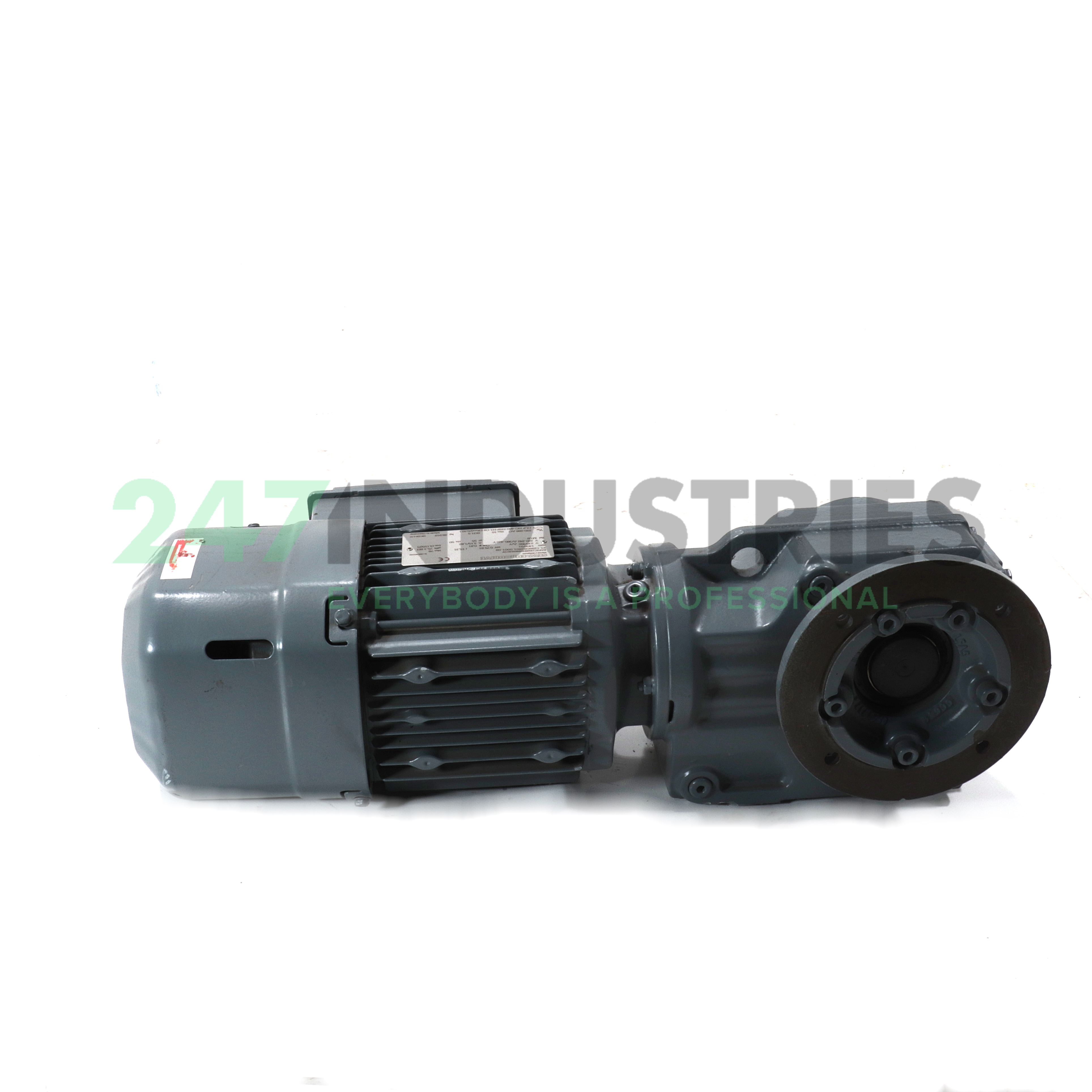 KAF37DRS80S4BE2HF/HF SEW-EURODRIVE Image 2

....

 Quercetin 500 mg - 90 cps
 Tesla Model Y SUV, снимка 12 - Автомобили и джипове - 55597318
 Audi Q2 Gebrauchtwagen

....

=== EXERCISE DIRECTIONS ===
Looking back over the data above, restate word for word the lines that begin at the line with "Tesla Model Y" and end at the line with "Audi Q2 Gebrauchtwagen", inclusive.

=== TASK SOLUTION ===
 Tesla Model Y SUV, снимка 12 - Автомобили и джипове - 55597318
 Audi Q2 Gebrauchtwagen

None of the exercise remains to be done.